Q. Tell me about the problems facing this neighborhood right now.
A. We have an overwhelming amount of violence. We’re having a funeral here Tuesday for a boy that was shot. We have many funerals here for young people.

Q. What about the boy that was stabbed at the McDonalds?
A. Yes, we had his funeral here. The Church was packed. It looked like a college auditorium, but it wasn’t. It was people that are struggling with the same issues.

Q. Now, overall crime is down, but there’s a rise in shootings. What’s your reaction to this trend?
A. I don’t know the answer to that. I do know that we’ve been in this Church for fifty seven years, and the families that we deal with are torn apart. And most families in this community have experienced some kind of violence-related issue.

Q. Where do you think the guns are coming from? Other states? Black markets?
A. I have no idea, but I know they’re available. Widely available. There’s underground crime everywhere around here.

Q. What about the kids who grow up here. Are a lot of them dragged into this violence?
A. …gangs?

Q. Is it gangs? Or just small, petty squabbles? Or a combination?
A. It’s gangs. Kids are pressured into joining gangs, whether they want to or not. Just the other day, a boy that I know was approached to join a gang. He refused and they shot at him. So now he’s been removed from New York City by his family, for safety reasons.

Q. Around what age is it that they’re approached?
A. Thirteen, twelve, fourteen…sometimes younger.

Q. And the kids who are dying and shooting each other?
A. Seventeen, and up.
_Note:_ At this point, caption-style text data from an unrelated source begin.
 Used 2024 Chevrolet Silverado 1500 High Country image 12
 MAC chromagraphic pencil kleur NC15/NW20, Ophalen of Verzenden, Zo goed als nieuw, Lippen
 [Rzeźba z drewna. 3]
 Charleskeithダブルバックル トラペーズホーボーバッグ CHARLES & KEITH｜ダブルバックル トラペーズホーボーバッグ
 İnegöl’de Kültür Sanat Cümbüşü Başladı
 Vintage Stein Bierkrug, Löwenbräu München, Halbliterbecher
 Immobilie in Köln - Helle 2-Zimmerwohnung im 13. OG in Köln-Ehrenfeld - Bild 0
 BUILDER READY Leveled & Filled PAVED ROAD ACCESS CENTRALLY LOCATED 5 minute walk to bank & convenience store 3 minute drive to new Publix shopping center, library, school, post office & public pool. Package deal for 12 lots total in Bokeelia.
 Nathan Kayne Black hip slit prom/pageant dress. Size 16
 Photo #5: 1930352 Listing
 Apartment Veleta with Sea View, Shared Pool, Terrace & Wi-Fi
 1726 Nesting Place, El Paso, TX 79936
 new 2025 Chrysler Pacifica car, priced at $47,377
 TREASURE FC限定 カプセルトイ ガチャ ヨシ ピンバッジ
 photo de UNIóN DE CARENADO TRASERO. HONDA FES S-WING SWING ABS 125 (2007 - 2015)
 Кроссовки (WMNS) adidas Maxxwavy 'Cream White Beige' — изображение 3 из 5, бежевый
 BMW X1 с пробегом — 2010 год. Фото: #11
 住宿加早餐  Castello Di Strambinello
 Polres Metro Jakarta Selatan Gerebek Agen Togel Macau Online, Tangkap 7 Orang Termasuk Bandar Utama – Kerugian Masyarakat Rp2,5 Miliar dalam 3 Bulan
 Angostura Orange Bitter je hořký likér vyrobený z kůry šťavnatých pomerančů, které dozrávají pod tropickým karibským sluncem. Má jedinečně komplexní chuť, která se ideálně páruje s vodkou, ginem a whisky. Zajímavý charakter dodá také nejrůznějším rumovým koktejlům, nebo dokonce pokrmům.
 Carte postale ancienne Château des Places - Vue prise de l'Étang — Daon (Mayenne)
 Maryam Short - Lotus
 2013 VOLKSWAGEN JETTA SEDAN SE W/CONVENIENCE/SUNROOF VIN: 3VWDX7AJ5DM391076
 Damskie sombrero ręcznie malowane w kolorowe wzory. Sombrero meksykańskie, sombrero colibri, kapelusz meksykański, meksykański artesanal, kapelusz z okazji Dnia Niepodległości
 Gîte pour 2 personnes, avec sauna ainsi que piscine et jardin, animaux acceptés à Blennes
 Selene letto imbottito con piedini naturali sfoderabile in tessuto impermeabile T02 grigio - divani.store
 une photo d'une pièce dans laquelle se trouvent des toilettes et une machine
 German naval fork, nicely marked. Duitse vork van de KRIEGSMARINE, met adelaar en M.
Usually.

Q. For people in other neighborhoods, who don’t have to deal with this kind of violence, do you have anything you want to tell them or ask of them?
A. I think they should be very supportive of the Police Department and District Attorney’s Office, and any programs that are available that they can volunteer, sit down and talk with the youth here. Especially in the field of education. We have low graduation rates—they’re in the streets a lot and not in school. Anyone who can offer to tutor or educate kids is one of the answers.

Q. The NYPD’s “stop and frisk” has been curtailed recently. Would you like to see it return to its previous levels?
A. If its handled in the manner that it should be, I think it’s a great thing that can save some of these kids lives. I wouldn’t mind being stopped and frisked. For the safety it provides, for the lives that it saves, it’s worth it.

Q. Do you think it serves as a deterrent? If a kid knows he might be stopped and frisked, he doesn’t bring a gun out to the streets?
A. I think it has a positive impact in that way, absolutely.

Q. What about alternative programs for these kids? There’s the new YCMA now, there’s summer youth programs. Could there be more? Is there something else you’d like to see that could take these kids away from the gangs’ lure?
A. I think that working with families in a personal way on these kinds of issues will reduce their occurrences. Families, especially in this community, where you have so many high-rise buildings like those [points in the distance], people in them by the thousands—and gangs are overrunning buildings, you’re under this kind of ‘war mentality.’ It overtakes their family. What the Church tries to do is work with families. When we can sort out problems on an individual basis and give help where needed, we have a chance.

Q. When you first started hosting gun buy back programs, did you reach out the police with the idea, or vice versa?
A. I was approached.

Q. Did you have any reservations?
A. Not at all. We’re a community church. My father [Jack San Filippo] started this church fifty seven years ago in a storefront. When my parents died, I took over. So I’ve been here all my life. And I know generations and generations of people here.

Q. Are local residents supportive of the gun buy back program?
A. Yes. There are a great number of people in this community who just want to go to work and make a good life for themselves and their children. But when you’re overrun with all of this crime, it’s very difficult. The peer pressure and influence are extraordinary. Crime will take over if you don’t do something to fight it.